# platy fry



## wishiwasafish (Apr 13, 2011)

i recently purchased some platies from the LFS. i knew one was pregnant when i got her but didn't realize how far along she actually was. to my surprise, she gave birth tonight( i counted around 20 fry but i can only spot 5 right now, others are probably well hidden). i don't have a breeding tank set up so i'm going to let nature run its course this time. 
for the future, i plant ot set up a breeding tank. i have never done this, and i'm sure there's a thread for it but i couldn't find it, so i am just wondering what the best setup would be for a breeding tank? i'm thinking 10 gal but just wondering what king of filter, heater, etc. is best...gravel or bare bottom?


----------



## emc7 (Jul 23, 2005)

It can be any tank, any way you like it.
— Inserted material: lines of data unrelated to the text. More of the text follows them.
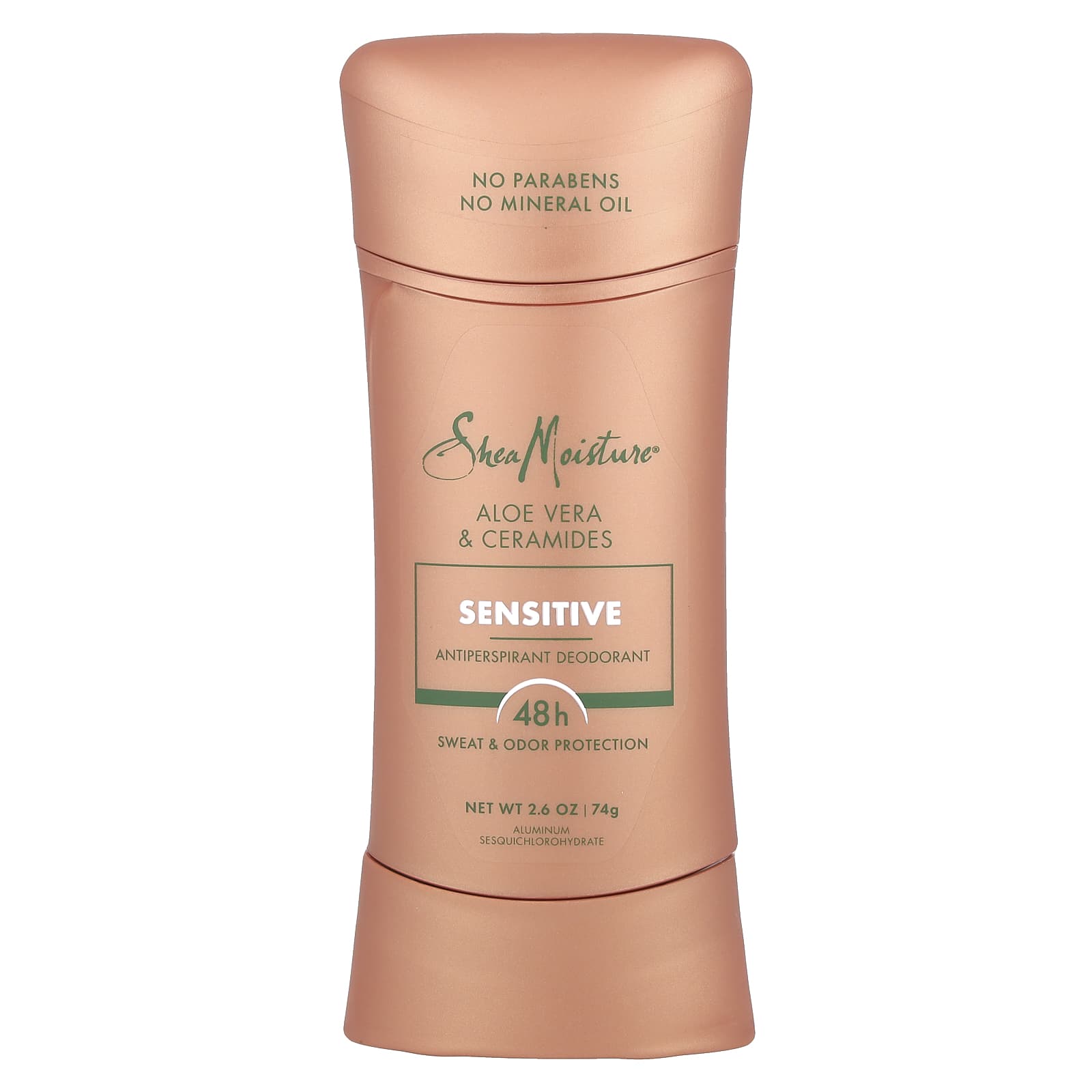 SheaMoisture, Дезодорант-антиперспирант, Sensitive, алоэ вера и керамиды, 74 г (2,6 унции)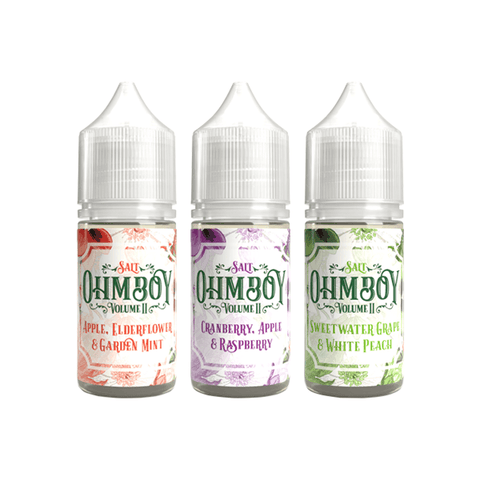 20mg Ohm Boy Volume II 10ml Nic Salt (50VG/50PG) - The Hemp Wellness Centre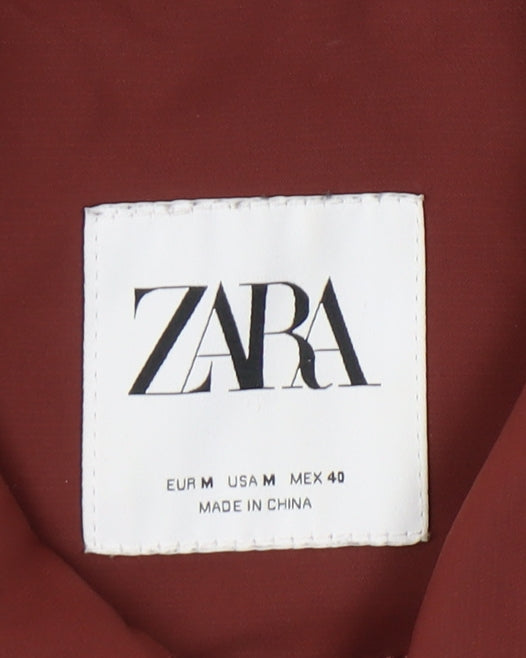 Zara Men's Red Basic Jacket M Casual Autumn/Spring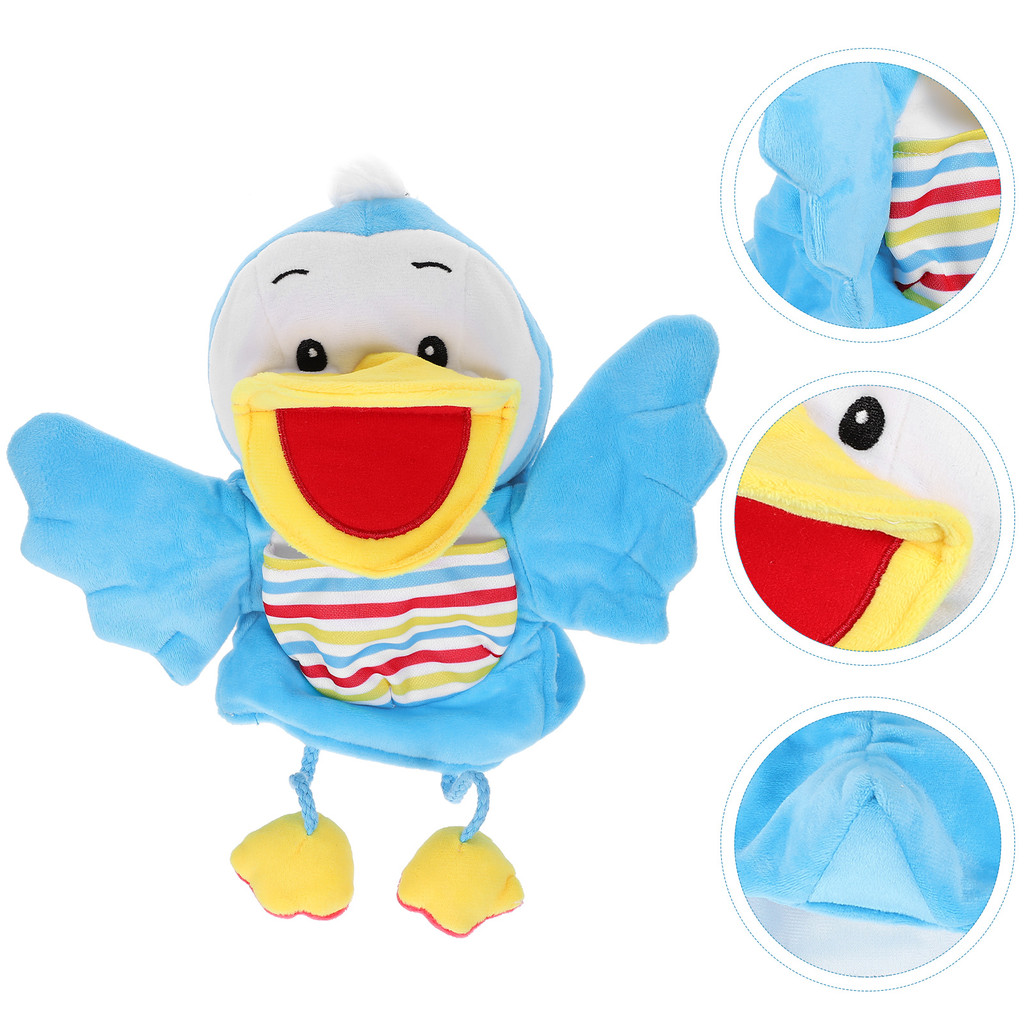 Jual Animal Duck Hand Puppet Plush Telling with Movable Mouth Stuffed ...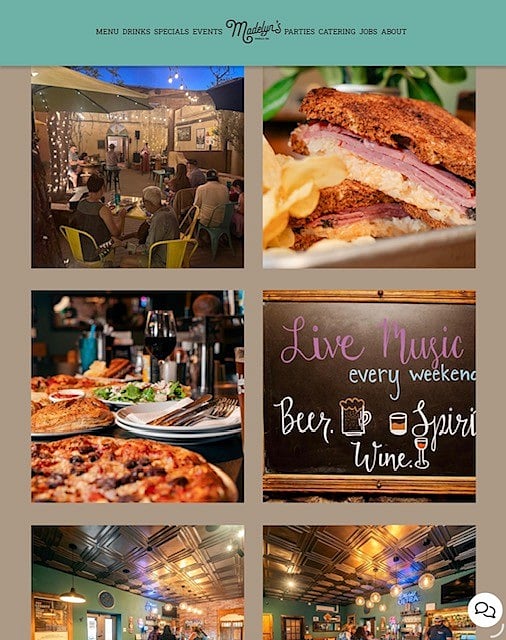 Madalyn's great food and music, just 6-minute walk towards plaza.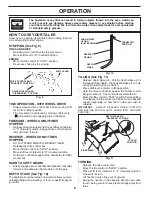 Preview for 8 page of Poulan Pro 432121 Operator'S Manual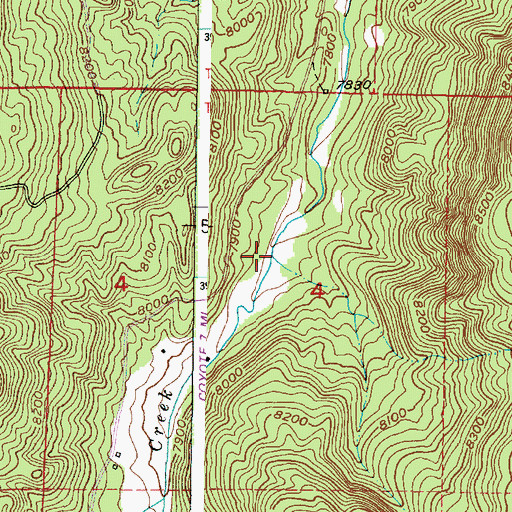 Topographic Map of Rito Seco, NM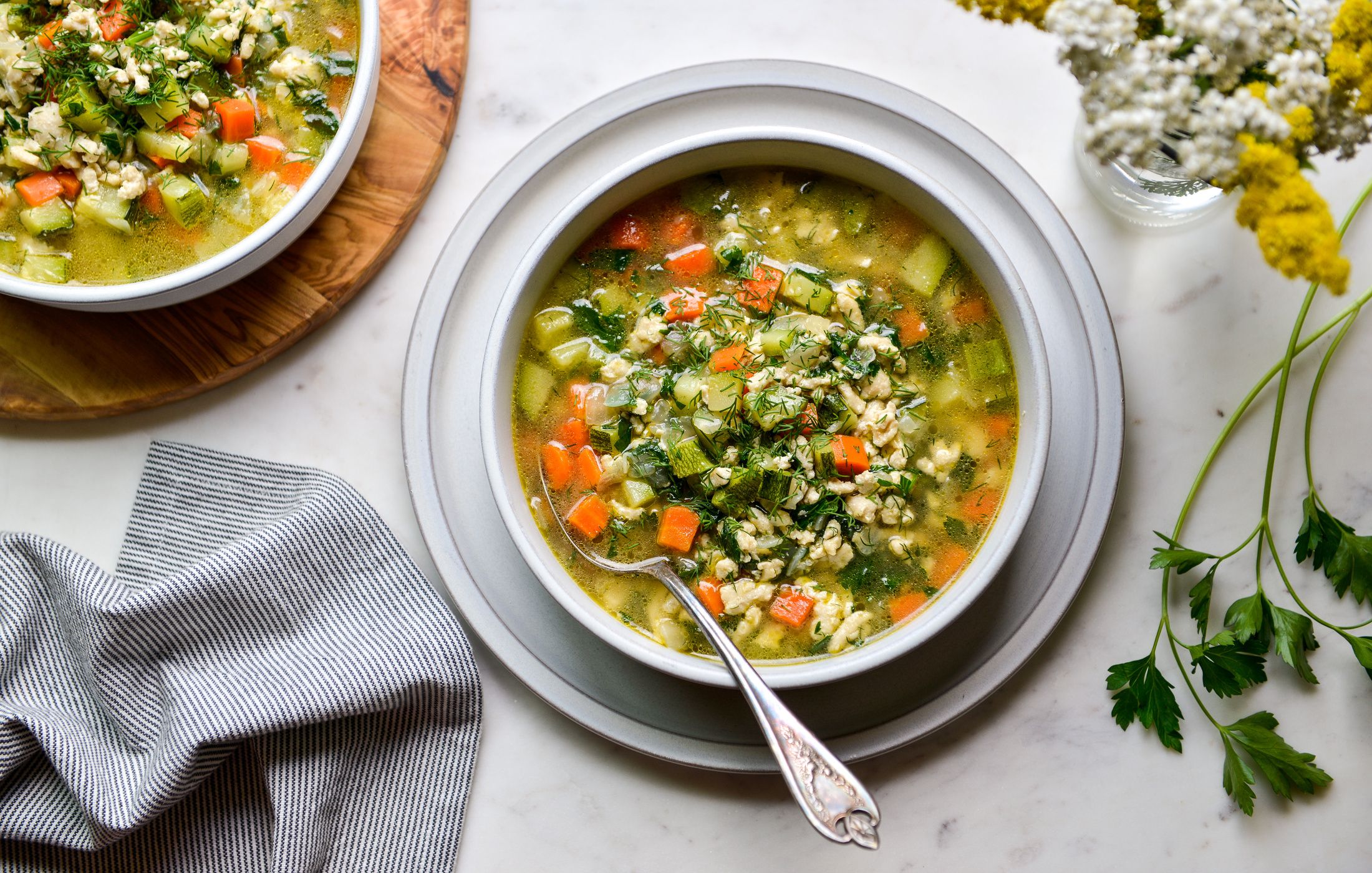 GROUND CHICKEN VEGETABLE DETOX SOUP-1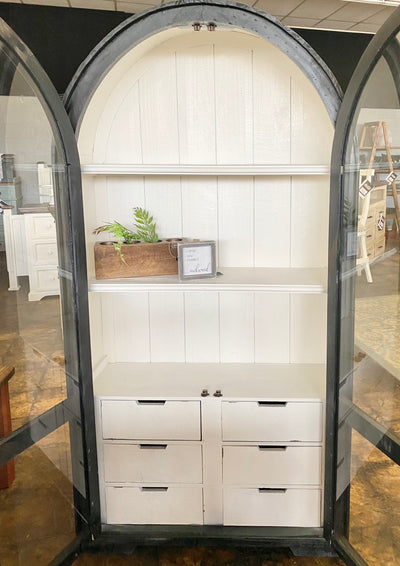Carly Black & White Display Cabinet
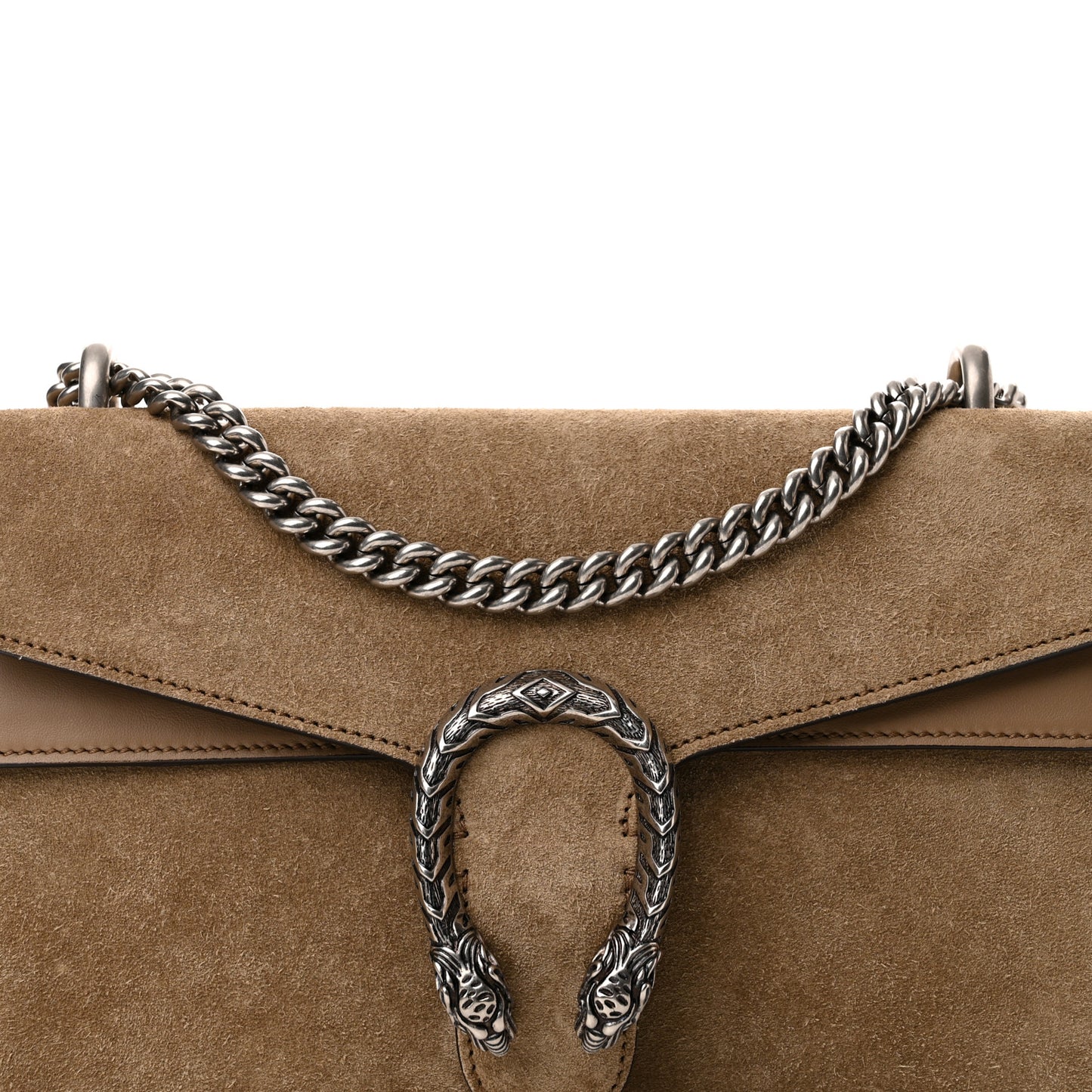 Suede Small Dionysus Shoulder Bag Taupe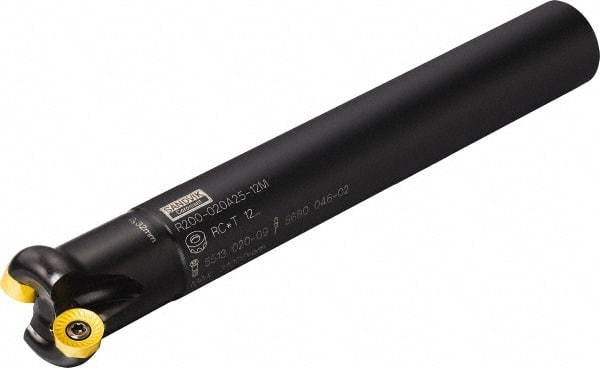 Sandvik Coromant - 3 Inserts, 0.7874" Cutter Diam, 0.2362" Max Depth of Cut, Indexable High-Feed Face Mill - 7.4803" High, R200..Axx Toolholder, RCKT 12 04 M0 Inserts, Series CoroMill 200 - Apex Tool & Supply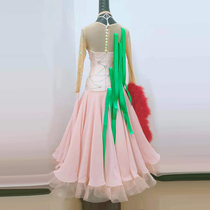 National Benchmark Dance Competition Dress Morden Dance Shows Waltz Performance Wear ballroom Dancing Grand Pendulum Skirt Square Dance Plus Drill Dress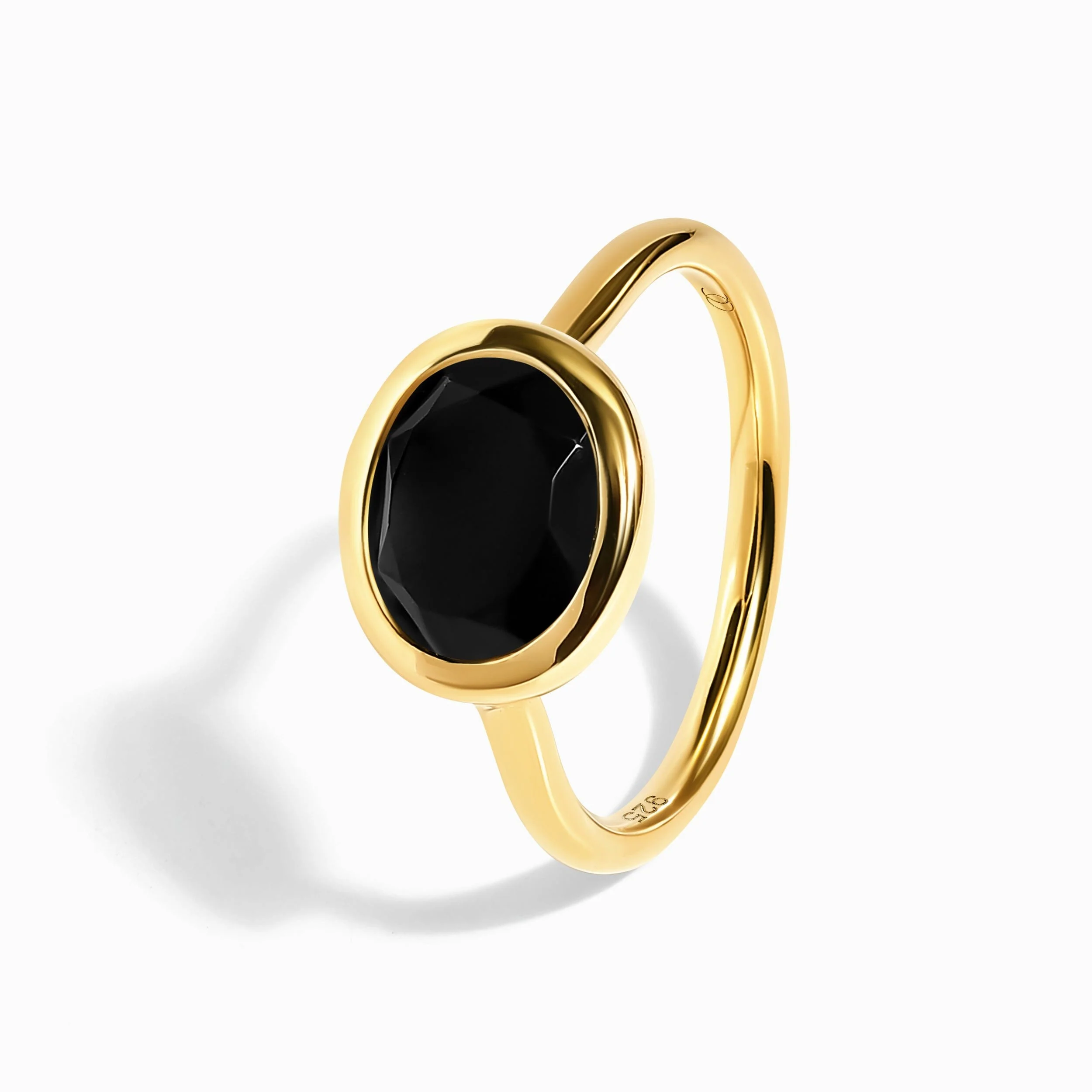Black Obsidian Skin Touch Ring - Feel the Strength - Image 19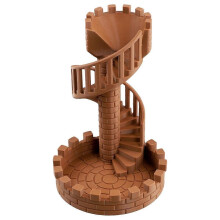 Würfelturm aus Ziegelsteinen, Burg-Würfelturm, Würfelbrettturm – Perfekt für Spiele und Brettspiele,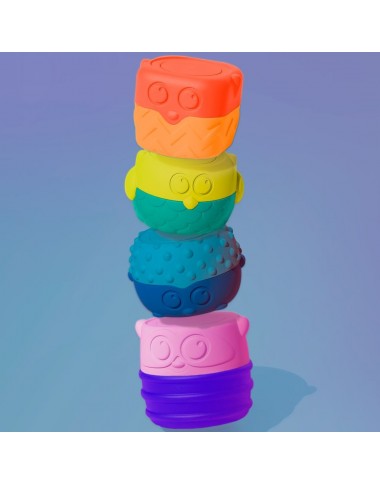 Sassy magnetinės kaladėlės (4 vnt.) - Lavinamieji žaislai kūdikiams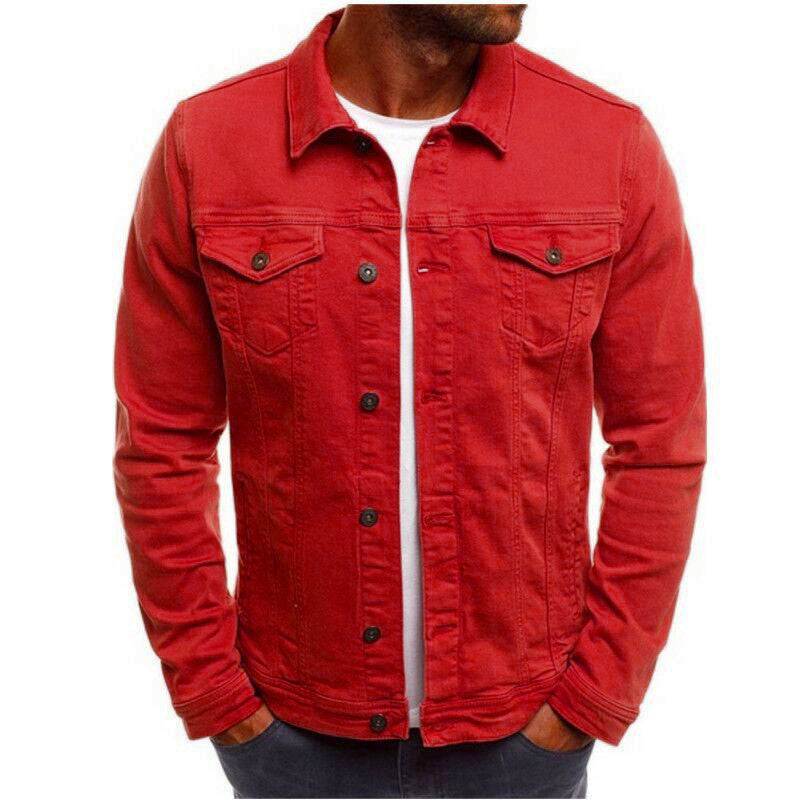 Mens Casual Denim Jacket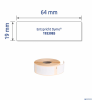 Etykiety na rolce, etykiety foliowe 19 x 64 mm, etykiety do termodruku, białe etykiety wodoodporne, etykiety na znaki BHP, 450 e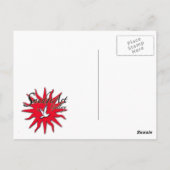 赤キツネ ポストカード (裏面)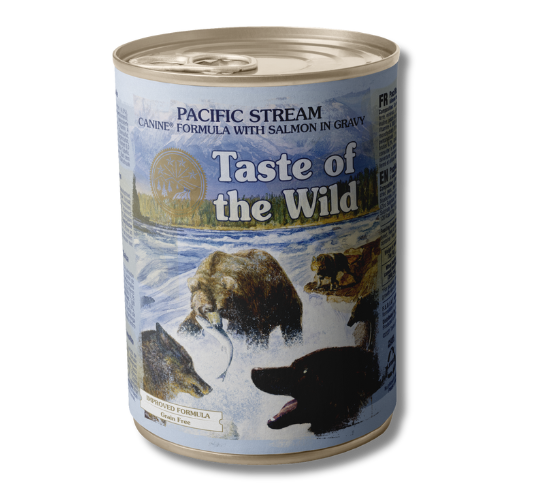 טייסט אוף דה ווילד פסיפיק לכלבים – דג סלמון ברוטב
I tend to use a bare tank with a sponge filter because it is cheap and easy to clean. For platys, lots of floating plant (plastic is ok). Bigger is better because you likely need to keep 20+ fry in the tank until they are a size a store will take (likely the size you bought, full grown), so go up to a 15 or 20 gallon if you have the space. 

I use heaters in the winter, haven't found any I really love and I use lids to slow evaporation. You can skip the light, thats for you, not the fish.


----------